Friday, November 17, 2006

Bejtlich and SANS Top 20

I thnk that Richard Bejtlich is being a little picky about this subject, but he still got his point. Even in a work with such good content as the Top 20, basic concept mistakes can jeopardize its value. A document like this is read and used by lots of people, spreading the mistakes throughout the field. Hey SANS guys, instead of criticizing, why not try the CISSP? It won't hurt, it'll only add value (and it's not even something that Bejtlich will agree with me, given his opinion on this cert).

Mistakes with vulnerabilities and threats concepts is something that a CISSP doesn't usually do, even if with very bad technical skills. Mix the technical skills provided by SANS with solid fundamentals from the CBK. That's the source of an incredibly valuable Top 20 document.


Should I still need to say that this one is critical (well, MS already did that)?

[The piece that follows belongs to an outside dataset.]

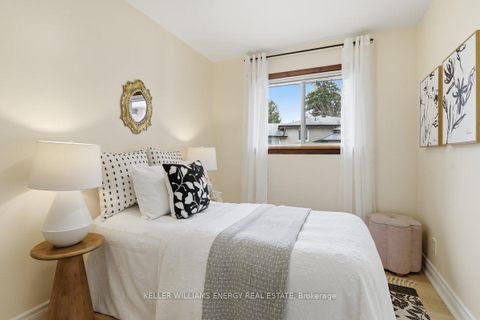 Photo 14 at 36 Stonefield Crescent, Morningside, Toronto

Every time that there is a vulnerability in core Windows services, like "Server" and "Workstation", it smells like worm spirit. There is a relatively new fact that needs to be remembered these days...

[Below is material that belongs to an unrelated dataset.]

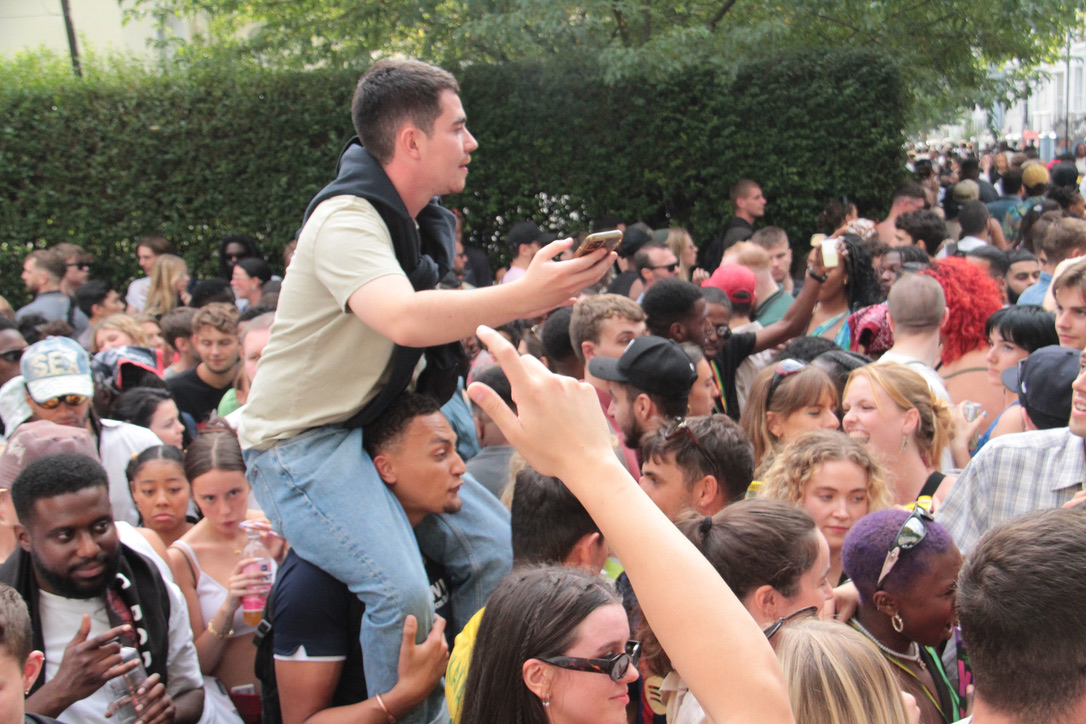 CED58FD3-22C6-40C6-8A57-B99BC488CA6A 1 105 c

Microsoft is pushing its processes to find illegal copies of Windows inside its updating system. I believe that in the last months several illegal copies that were being regularly updated are not doing that anymore. I know that personal firewalls and SoHo routers are more present, but I won't be surprised if a new worm finds more success than the last ones because of this.

New sysinternals tool

Those that constantly need to study trojans and viruses behaviour, or to debug "LUA bugs" in Windows applications, probably already know Sysinternal tools Filemon and Regmon. I always wondered why there wasn't a tool combining both. Now there is.

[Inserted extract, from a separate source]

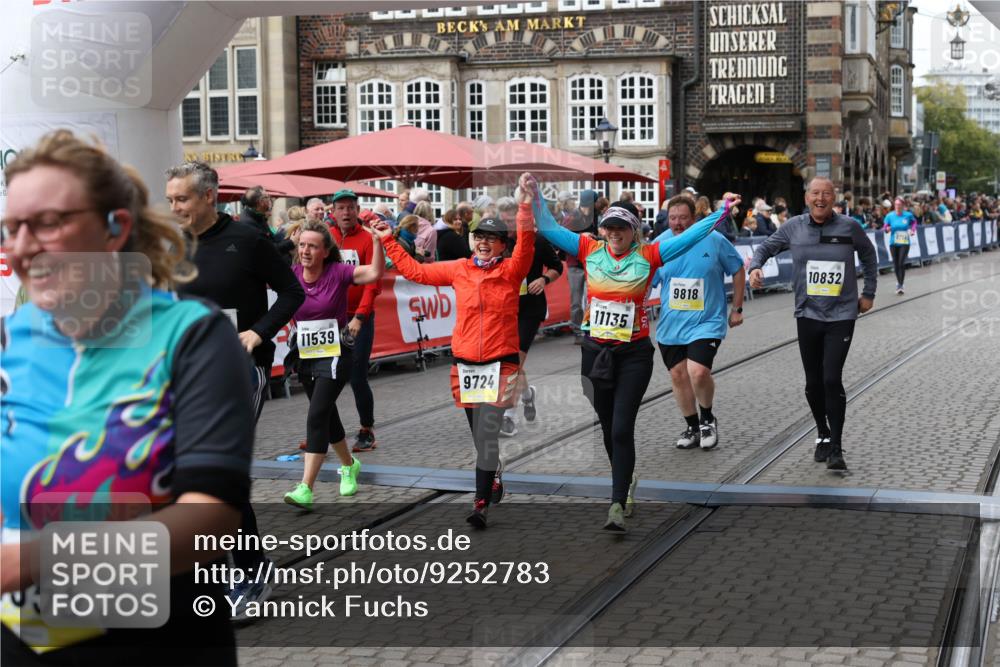 05.10.2025 - 20. swb-Marathon Bremen Yannick Fuchs http://msf.ph/oto/9252783 05.10.2025 11:14:26 Ziel 9695, 9724, 9818, 9819, 10114, 10115, 10201, 10832, 11135, 11539, 11555 meine-sportfotos.de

Wednesday, November 1, 2006


It have been more than two months since I posted here. I was visiting Canada and California on vacations, and now I'm a bit overflowed with duties from my job and the local ISSA chapter (I'm president since July). I hope to be able to translate some things that I wrote this week and to resume posting here more regularly in the next few weeks.

A quick note, I went to ToorCon in San Diego during my vacations. It was a bit too technical comparing to what I'm used to do now, but the presentation from Dan Kaminsky is always something worth to watch. I was expecting to see David Maynor and Johnny Cache doing a live presentation of their famous wireless exploit, but I believe you all already know what happened there.

Its funny how we stil have a lot of people bashing at Microsoft about security while we have companied like Apple and Oracle, with their terrible security behaviour. Microsoft has a huge security improvement in its products (can anyone remember the last vulnerability in IIS?), it's releasing good security products (the new ForeFront product lie has some interesting concepts), buying companies with good security products and professionals (Sysinternals...) and promoting security awareness everywhere. If there is a company "at our side" about this subject nowadays, it's Microsoft.

I really have hope on seeing Oracle following the same path. Still have doubts if Apple will try or if it will just close its eyes and pretend nothing is happening.